Are you recommending that I fold those patches into one?

I'm fine with that. Note, part of the way things are broken up is because I
took Josh's code and built on top of his work. I tend to try not to modify
someone else's code when doing that and make building blocks of each stage.

Also, it follows the way I tend to review code. Which is to take the entire
patch set, apply it, then look at each patch compared to the final result.

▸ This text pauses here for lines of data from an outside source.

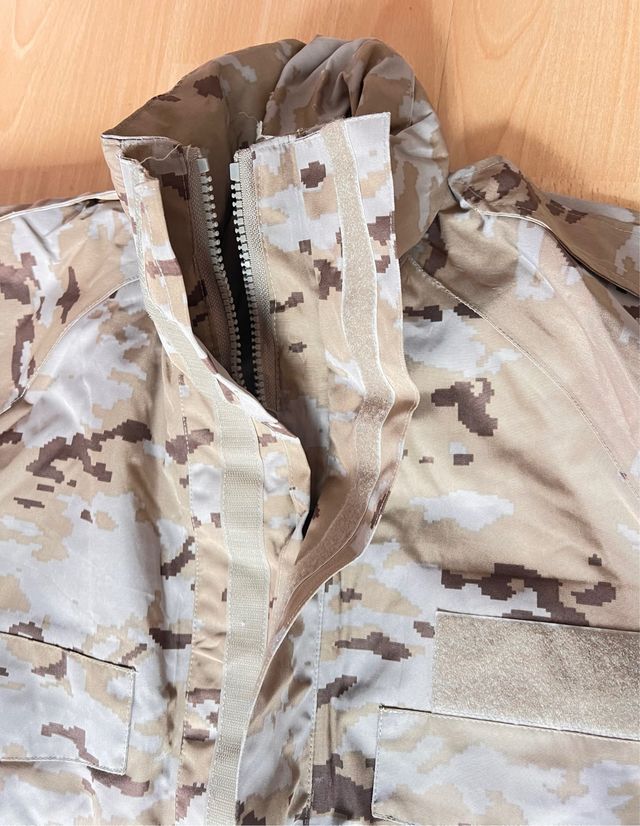 Chaquetón militar árido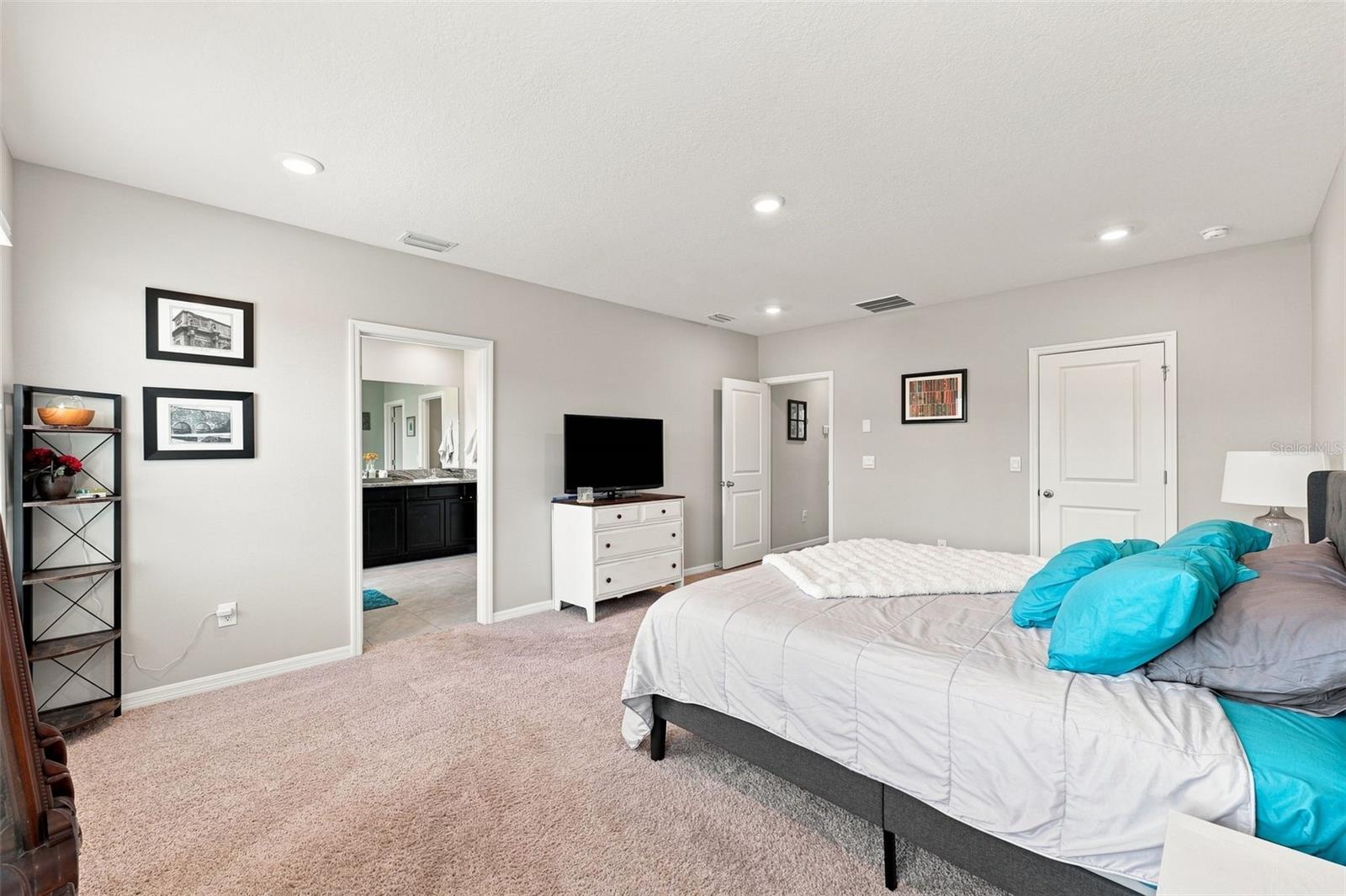 8673 BOWER BASS CIRCLE, Wesley Chapel, FL 33545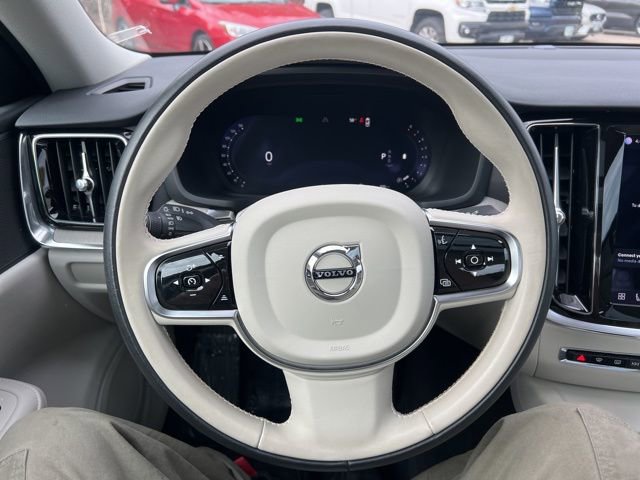 Certified 2024 Volvo S60 B5 Plus AWD/4WD image 31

That probably explains why my patch series is confusing for you, as it was
written more for the way I review. Sorry about that.

-- Steve

Re: [PATCH v13 10/14] unwind: Clear unwind_mask on exit back to user space

[Steven Rostedt]

On Tue, 15 Jul 2025 12:29:12 +0200
Peter Zijlstra <peterz@infradead.org> wrote:

> @@ -170,41 +193,62 @@ static void unwind_deferred_task_work(st
>  int unwind_deferred_request(struct unwind_work *work, u64 *cookie)
>  {
>  	struct unwind_task_info *info = &current->unwind_info;
> -	int ret;
> +	unsigned long bits, mask;
> +	int bit, ret;
>  
>  	*cookie = 0;
>  
> -	if (WARN_ON_ONCE(in_nmi()))
> -		return -EINVAL;
> -
>  	if ((current->flags & (PF_KTHREAD | PF_EXITING)) ||
>  	    !user_mode(task_pt_regs(current)))
>  		return -EINVAL;
>  
> +	/* NMI requires having safe cmpxchg operations */
> +	if (WARN_ON_ONCE(!UNWIND_NMI_SAFE && in_nmi()))
> +		return -EINVAL;

I don't think we want to have a WARN_ON() here as the perf series tries
to first do the deferred unwinding and if that fails, it will go back
to it's old method.

By having a WARN_ON(), we need to make perf aware of this limitation
too. Do we want to do that?

-- Steve

Re: [PATCH v13 10/14] unwind: Clear unwind_mask on exit back to user space

[Steven Rostedt]

On Tue, 15 Jul 2025 08:49:32 -0400
Steven Rostedt <rostedt@goodmis.org> wrote:

> > >   *
> > > - * Return: 1 if the the callback was already queued.
> > > - *         0 if the callback successfully was queued.
> > > + * Return: 0 if the callback successfully was queued.
> > > + *         UNWIND_ALREADY_PENDING if the the callback was already queued.
> > > + *         UNWIND_ALREADY_EXECUTED if the callback was already called
> > > + *                (and will not be called again)
> > >   *         Negative if there's an error.
> > >   *         @cookie holds the cookie of the first request by any user
> > >   */    
> > 
> > Lots of babbling in the Changelog, but no real elucidation as to why you
> > need this second return value.
> > 
> > AFAICT it serves no real purpose; the users of this function should not
> > care. The only difference is that the unwind reference (your cookie)
> > becomes a backward reference instead of a forward reference. But why
> > would anybody care?  
> 
> Older versions of the code required it. I think I can remove it now.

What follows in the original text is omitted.